Sign up to The Rubbish Diet Challenge
Sign up to The Rubbish Diet Challenge
Have you gone on a diet lately? a rubbish diet that is..If not, sign up for The Rubbish Diet challenge which is simple and fun - you'll be amazed how much less waste you generate, even if you think you're already a diligent recycler
A trip to a landfill site is probably enough to turn anyone into a devout recycler, given they're ugly and smelly, teaming with vermin and they emit methane. But local councils aren't in the habit of offering daytrips to their dumps as a form of public shock therapy - and few of us would probably show up if they did.
Someone who would, however, is Karen Cannard, founder of The Rubbish Diet Challenge and a woman on a mission to get us all to reduce household waste - which centres around packaging material and food. She and Deco have joined forces and we're asking readers to sign up online to the Rubbish Diet's three-week challenge. It's not at all onerous and it should see you reducing by half the amount of stuff you throw in your main bin (ie not the recycling green bins). Which means instead of filling one 30L plastic bag a week, you generate one bag a fortnight.
Once you've signed up you'll get a weekly email with tips and ideas. The thrust of the diet is to make you look at everything you're poised to put in the bin and consider whether it could be recycled; or in the case of food, incorporated into a dish or at the very least re-directed to the counter top compost bin. Ah, you don't have one? Well, lack of the right receptacle is a big part of the problem when it comes to household recycling, says Cannard, a mother of two.

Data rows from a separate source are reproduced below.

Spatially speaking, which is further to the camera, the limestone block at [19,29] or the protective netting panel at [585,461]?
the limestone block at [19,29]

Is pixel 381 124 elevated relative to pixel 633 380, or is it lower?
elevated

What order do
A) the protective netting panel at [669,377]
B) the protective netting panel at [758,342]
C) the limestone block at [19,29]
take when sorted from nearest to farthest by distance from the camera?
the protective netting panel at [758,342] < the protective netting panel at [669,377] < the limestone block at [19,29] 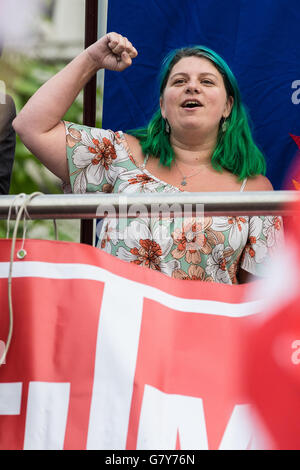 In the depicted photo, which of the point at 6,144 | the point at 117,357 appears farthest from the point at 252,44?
the point at 117,357

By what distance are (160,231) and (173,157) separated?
327 millimetres

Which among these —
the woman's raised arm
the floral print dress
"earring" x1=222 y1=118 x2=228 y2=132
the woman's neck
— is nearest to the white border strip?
the floral print dress

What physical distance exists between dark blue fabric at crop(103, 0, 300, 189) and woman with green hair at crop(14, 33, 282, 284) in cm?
22

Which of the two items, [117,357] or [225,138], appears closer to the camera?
[117,357]

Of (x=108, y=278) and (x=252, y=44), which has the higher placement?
(x=252, y=44)

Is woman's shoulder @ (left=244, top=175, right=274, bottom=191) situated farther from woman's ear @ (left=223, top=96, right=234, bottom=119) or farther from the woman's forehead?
the woman's forehead

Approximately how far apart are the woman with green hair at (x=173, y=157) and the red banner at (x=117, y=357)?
1.85 ft

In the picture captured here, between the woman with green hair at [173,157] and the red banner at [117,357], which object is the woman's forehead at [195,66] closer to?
the woman with green hair at [173,157]

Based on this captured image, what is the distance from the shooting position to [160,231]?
5.59ft

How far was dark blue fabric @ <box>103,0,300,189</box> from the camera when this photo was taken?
2195 mm

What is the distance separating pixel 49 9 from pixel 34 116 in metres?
0.73

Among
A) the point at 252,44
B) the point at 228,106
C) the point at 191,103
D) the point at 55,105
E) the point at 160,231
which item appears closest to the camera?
the point at 160,231

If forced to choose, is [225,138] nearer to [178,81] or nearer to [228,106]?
[228,106]
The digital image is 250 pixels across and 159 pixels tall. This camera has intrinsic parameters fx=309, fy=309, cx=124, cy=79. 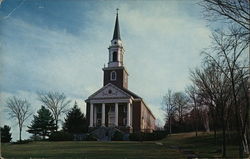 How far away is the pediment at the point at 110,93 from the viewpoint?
3766 centimetres

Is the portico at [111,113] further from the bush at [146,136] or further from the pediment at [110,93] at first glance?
the bush at [146,136]

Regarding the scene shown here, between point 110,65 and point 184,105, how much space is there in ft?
37.6

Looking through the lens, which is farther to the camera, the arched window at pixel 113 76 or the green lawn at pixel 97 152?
the arched window at pixel 113 76

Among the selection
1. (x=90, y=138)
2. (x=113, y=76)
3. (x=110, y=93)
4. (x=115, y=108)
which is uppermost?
(x=113, y=76)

'It's so obvious...but what stops a lot of recycling at home is simply not having a container for whatever it is you want to recycle. So while we're all used to putting newspapers, cardboard, cans and plastic bottles in our green council recycling boxes, if we don't have a nice looking counter top bin and some of the biodegradable starch bags to line it with, then we don't collect our food scraps for the council to take to make compost. Or if we don't have a bin in the bathroom we tend not to collect the cardboard ends of loo rolls or empty shampoo bottles for recycling and just absent-mindedly put them in the main kitchen bin.'
If you watched Hugh Fearnley Whittingstall's recent TV series 'Hugh's War On Waste' - and Cannard was an advisor to the programme - you'll be in no doubt that waste is a big problem and what we should be striving for is a circular economy where waste materials are re-used. Waste that goes to landfill site will sit and rot, or decompose over hundreds of years in the case of plastics while chemicals can leach into land and water, and these sites produce dangerous amounts of methane, a greenhouse gas.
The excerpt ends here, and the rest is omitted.